Both gay men and lesbians often examine adoption choices–infant versus older adoptions, single versus "couple" adoption, domestic versus international adoption, single vs. multiple sibling adoption–the choices are myriad and often overwhelming. For all people beginning to examine these choices–insemination, adoption, surrogacy–issues of finances are never far from our consciousness.

For gay men the option of surrogacy is often explored, and some lesbians and gay men explore having babies with one another–creating exciting new family forms.

Queer families–a term used to be as inclusive as I can of all of our families–are a diverse community. We represent a spectrum of queer people–from traditional nuclear families, to gender-bending, and multi-parent families. We are single parents and step-parents, adoptive parents and birth parents, co-parents and grandparents. Our families are representative of the rainbow of our community–families of color as well as white families, and many families of mixed raced couples, or trans-racially adoptive families.
Some of our families are poor and struggling to make ends meets, some of our parents have lost custody of their children, some of our children have special needs, and some of us share our parenting with ex-partners. We are bisexuals in heterosexual relationships, and bisexuals in same-sex relationships. We are families with transgender members–sometimes parents and sometimes children. Some of us are members of the PTA, and some of us are members of the NLA (National Leather Association), and some of us are members of both.

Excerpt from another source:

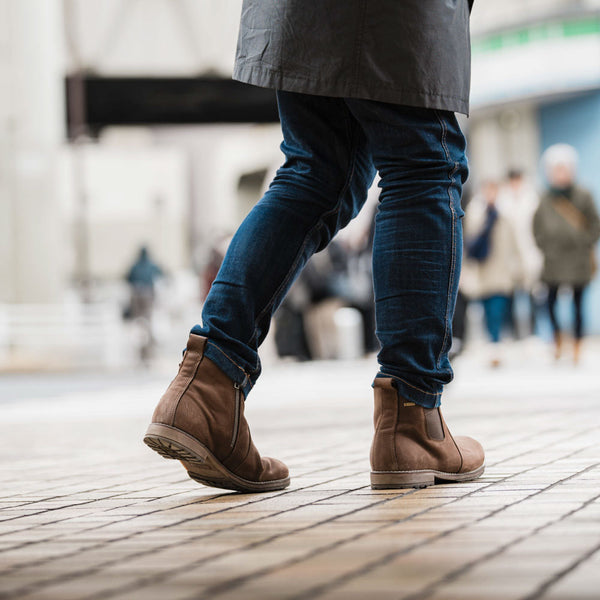 POMAR KAARRE MEN'S GORE-TEX® CHELSEA BOOTS / ポマール カーレ チェルシーブーツ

These columns are about celebrating all of us–under our queer rainbow. Some of these columns are serious, some funny, some theoretical, some political — come read about what queer parents are thinking about. As we enter the 21st century gay, lesbian, bisexual and transgender people are re-defining family relationships, and creating loving families in the face of homophobic institutions in often hostile environments. And, despite their dire warning, we are thriving!